ASSIGNMENT
The full listing, returned exactly and free of pictures, is the expected answer.

DATASET CONTENT
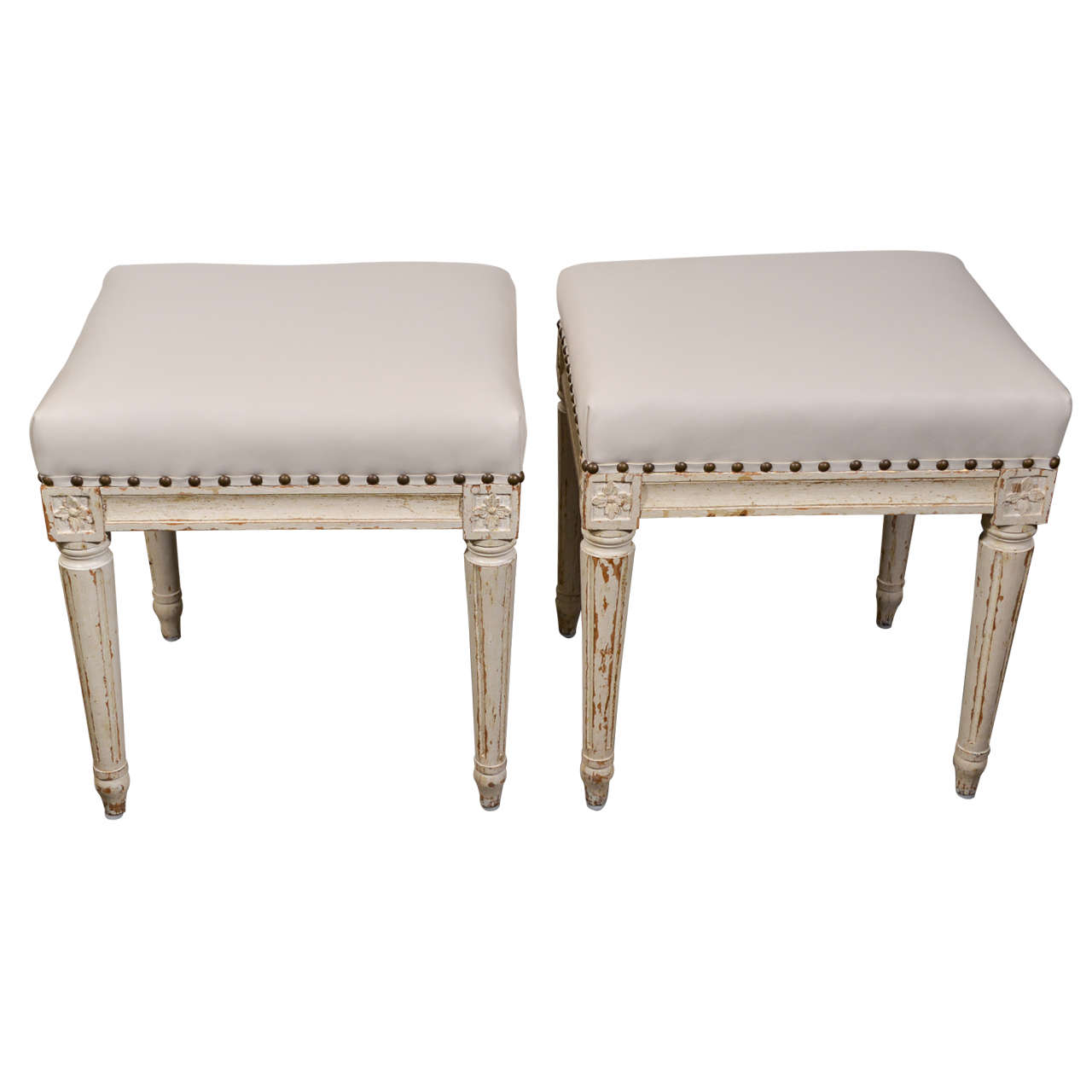 Pair of painted stools in the style of Louis XVI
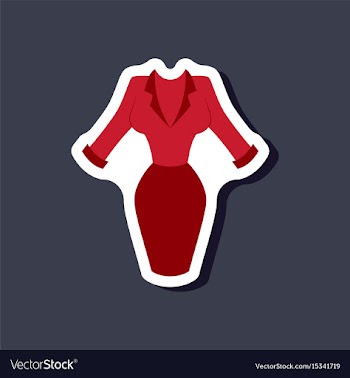 Paper sticker fashion clothes office dress vector image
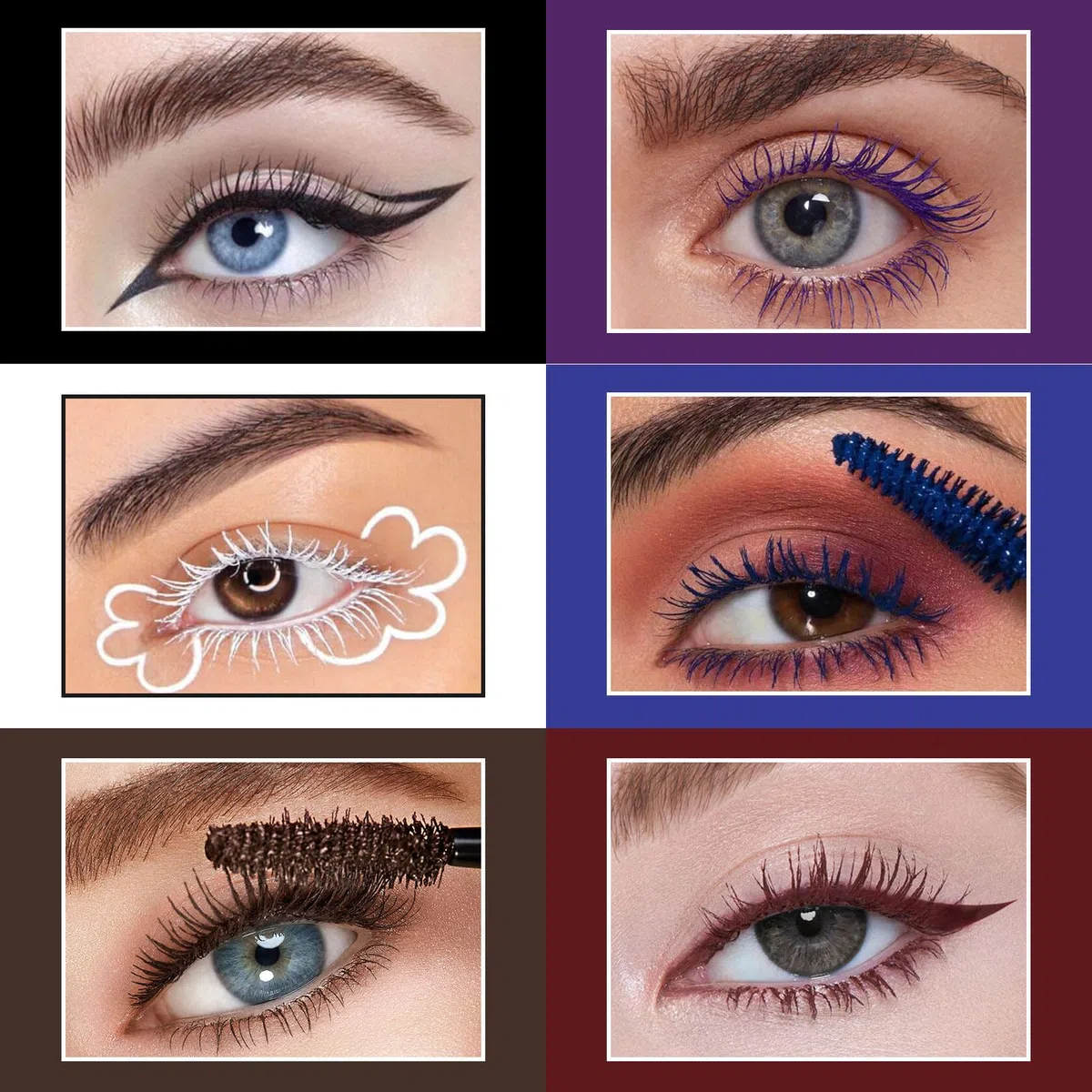UCANBE Mascara Eyeliner Set, Wasserfeste Bunte Augenschminke - Mascara für Natürlich Aussehende, Lang Anhaltende, Geschwungene Wimpern, Eyeliner für Wischfeste, Farbechte Ergebnisse (Beerenrot)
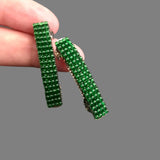 Mini Transparent Dark Green French Style Barrettes, 40mm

RESPONSE
 Pair of painted stools in the style of Louis XVI
 Paper sticker fashion clothes office dress vector image
UCANBE Mascara Eyeliner Set, Wasserfeste Bunte Augenschminke - Mascara für Natürlich Aussehende, Lang Anhaltende, Geschwungene Wimpern, Eyeliner für Wischfeste, Farbechte Ergebnisse (Beerenrot)
 Mini Transparent Dark Green French Style Barrettes, 40mm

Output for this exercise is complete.